A free and fair election is defined by political scientist Robert Dahl as an election in which "coercion is comparatively uncommon". A free and fair election involves political freedoms and fair processes leading up to the vote, a fair count of eligible voters who cast a ballot (including such aspects as electoral fraud or voter suppression), and acceptance of election results by all parties. An election may partially meet international standards for free and fair elections, or may meet some standards but not others.

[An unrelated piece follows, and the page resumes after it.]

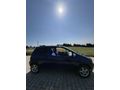 Sahibinden Renault Twingo 1.2 Pack 1998 Model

A study published in 2016 of elections in 169 countries over the period 1975 to 2011 estimated that only about half of elections were free and fair. The study evaluated ten dimensions of the conduct of elections:

 legal framework (whether there was a constitutional right of citizens to vote and seek office, whether elections were held at regular intervals, and whether election-related laws were not changed immediately before an election)
 electoral management (whether gerrymandering occurred and whether election management bodies, if they existed, were independent, impartial, and accountable);
 electoral rights (whether citizens were generally able to vote on the basis of equal suffrage and access);
 voter registers (whether they were accurate, current, and open to voters for easy and effective voter registration);
 ballot access (whether candidates had in practice a right to compete in the election, with rejections of candidate applications being based on "internationally recognizable and acceptable norms" and with no candidate receiving more than 75% of the votes (an signal of malpractice or election boycotts);
 campaign process (whether elections were carried out without violence, intimidation, bribery (vote buying), use of government resources to advantage the incumbent, or a "massive financial advantages" for the incumbent;
 media access (whether freedom of speech was protected and whether the ruling party was disproportionately benefited by government-owned media; 
 voting process (whether elections were conducted by secret ballot on a one person, one vote basis, with adequate security to protect voters and protection against ballot box stuffing, multiple voting, destruction of valid ballots, and other forms of manipulation; 
 role of officials (whether the election was administered with adequately trained personnel, free from campaigning or intimidation at polling places, and with the ability of international election observers and party representatives to observe polling places; and 
 counting of votes (whether votes were tabulated transparently and free of fraud or tampering)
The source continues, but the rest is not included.